00:00:39.760 Alright, Daniel is going to take us away and kick us off with "The Very Hungry Transaction." Give it up for Daniel!

00:00:55.079 Uh, an important bit of information before I start: I'm not the only viol da gamba player in the room! I think I see you back there. We've never met in person before, but we're the two!

00:01:08.720 So today, I'm going to tell you a story about Cat. Cat is a software developer working on a large Ruby on Rails application at Bug Hub. Cat has had a bit of a stressful week. Bug Hub is a large online community of bugs, and Cat has spent the past week shipping a highly successful new product within Bug Hub.

00:01:27.119 However, along the way, Cat has had to deal with a bunch of problems — everything from data consistency bugs to application slowness and, at one point, even site-wide failure. All these problems are going to trace back to a single database transaction. What started out as a simple little transaction is going to grow as there are more and more business requirements, and eventually, the transaction is going to become a liability for Cat's application.

00:01:54.200 Along the way, we're going to explore what went wrong and how Cat could have prevented some of these problems. The story starts on Monday. Cat showed up to work very hungry for business opportunities. Cat knows that a lot of the bugs on Bug Hub are very hungry for food, but they're too busy connecting on the site to go out to the grocery store.

00:02:13.680 Sitting there hungry on their computers, they want groceries delivered directly to their homes. So, Cat has decided to launch a brand new grocery delivery service integrated directly into the larger Bug Hub product — the first grocery delivery service for bugs.

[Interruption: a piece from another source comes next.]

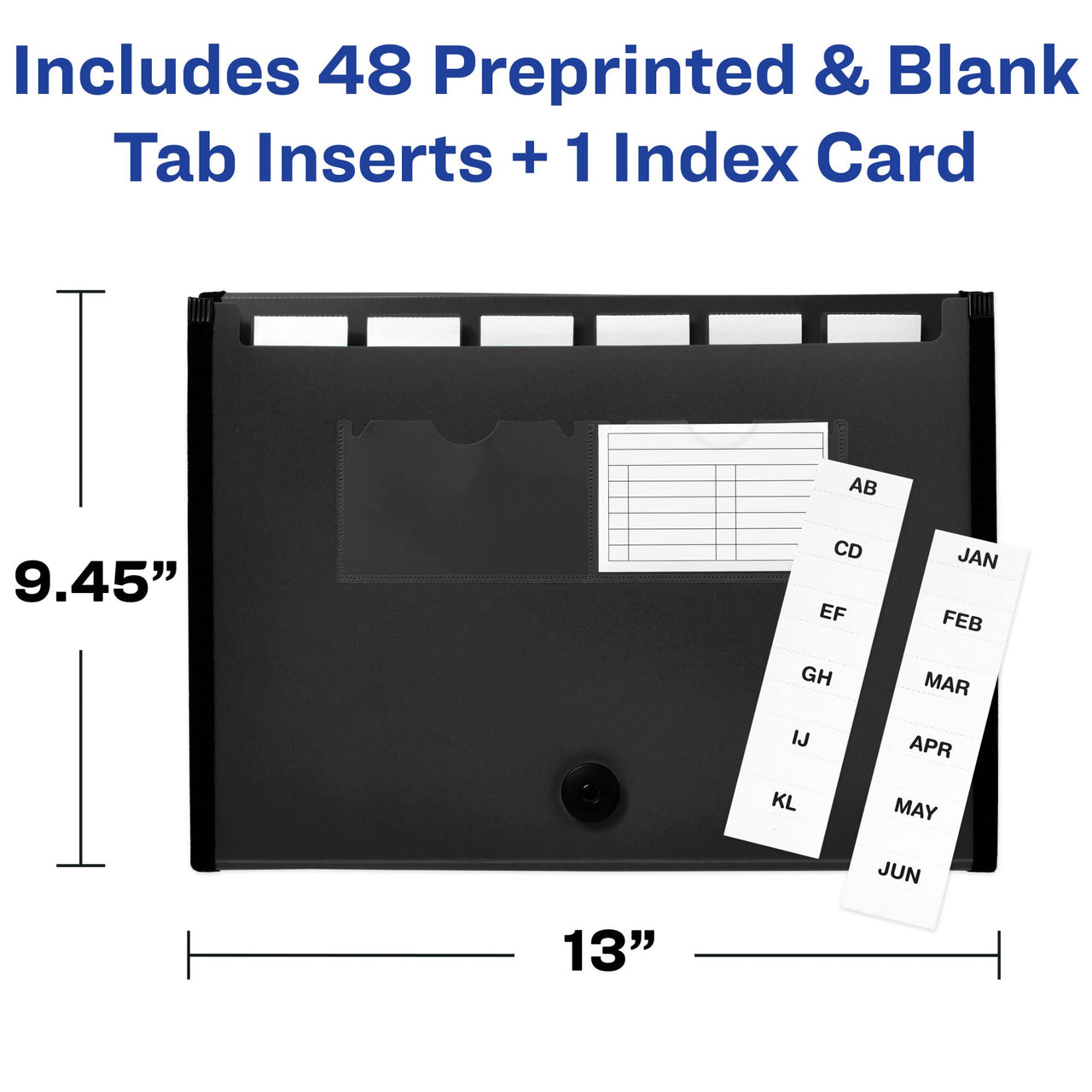 Avery Expanding File Folder Organizer, 7-Pocket Accordion File Organizer, Black, Holds 425 Letter/A4-Size Sheets (73550) 7 Pockets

00:02:37.720 We're not going to dig into the controllers or the views or even how the order gets put together today. We're only looking at how the order gets saved. We can assume that this order instance variable is an instance of an Active Record model, backed by an orders table in the database. This order is going to have various grocery products in it, identified by a SKU or a Stock Keeping Unit.

00:02:59.280 Finally, there's a join table connecting the products to the order. Each order item will also have a quantity indicating how many of that particular product was ordered. Although it's not explicit in the code here, when calling save on an Active Record model, it opens a database transaction. If we look at the queries involved, we're going to see a begin statement that opens up the transaction, which will insert the order and some number of order items.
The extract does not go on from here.